The Transportation Security Administration is taking the first steps toward a comprehensive data management strategy, with plans to establish a “center of excellence” to help TSA manage its cloud computing environments.
With more than 60,000 employees working in airports and other locations across the country, TSA is at a “critical place” when it comes to technology, Deputy Chief Information Officer Kristin Ruiz said in an exclusive interview with Federal News Network. The agency is working on a range of customer experience improvements,exploring opportunities for artificial intelligence and machine learning, and shifting to an “open architecture” for its airport screening systems.
Behind the scenes, TSA has “tons of disparate data,” Ruiz said.
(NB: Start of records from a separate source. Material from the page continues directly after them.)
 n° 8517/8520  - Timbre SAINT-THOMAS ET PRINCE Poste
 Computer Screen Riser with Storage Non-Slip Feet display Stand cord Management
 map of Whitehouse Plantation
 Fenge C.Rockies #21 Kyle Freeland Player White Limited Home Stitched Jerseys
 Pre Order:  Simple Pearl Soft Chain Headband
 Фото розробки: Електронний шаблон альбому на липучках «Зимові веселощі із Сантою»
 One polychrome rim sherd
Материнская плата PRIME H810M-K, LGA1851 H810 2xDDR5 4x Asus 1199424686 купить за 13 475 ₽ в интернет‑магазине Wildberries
The agency wants to make the information more discoverable and shareable, within the confines of crucial security and privacy protections.
“We first have to catalog this data, protect it, govern it for its use and storage, and then we have to share it,” Ruiz said. “And we have to make it available across the enterprise, as technical complexity and security requirements are constantly changing, and new emerging technologies and threats are out there.”
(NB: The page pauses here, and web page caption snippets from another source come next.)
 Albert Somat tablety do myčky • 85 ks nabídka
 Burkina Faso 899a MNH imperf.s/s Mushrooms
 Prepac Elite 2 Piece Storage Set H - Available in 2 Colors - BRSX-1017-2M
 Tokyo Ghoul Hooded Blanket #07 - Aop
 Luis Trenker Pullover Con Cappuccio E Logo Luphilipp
TSA is establishing a new “domain name structure and architecture” for its data, Ruiz said. The “data mesh” approach should allow TSA to protect the data based on specific domains, while allowing for sharing where it’s needed.
“Our goal is to allow for our users, our business users, across TSA to be able to better access their data and have it readily available,” Ruiz said. “And that means that we have to get away from some of the proprietary technology solutions that we’ve leaned on in the previous years, and look for a more open opportunity.”
TSA is hiring a key person to lead the data initiative. The individual will serve in a dual role as TSA’s chief technology officer and chief data officer.
“The foundation for things like artificial intelligence and other emerging technical areas. . . is the data that we have,” Ruiz said. “They won’t be relevant or useful if we don’t understand how to leverage and harness the data that we do have. So they go hand in hand, and we really want someone that has expertise in both areas.”
She said the agency is planning to reach an authority-to-operate decision for the data mesh by next summer. TSA’s CIO office team will then start working with customers across TSA’s business operations to put their systems into the new architecture.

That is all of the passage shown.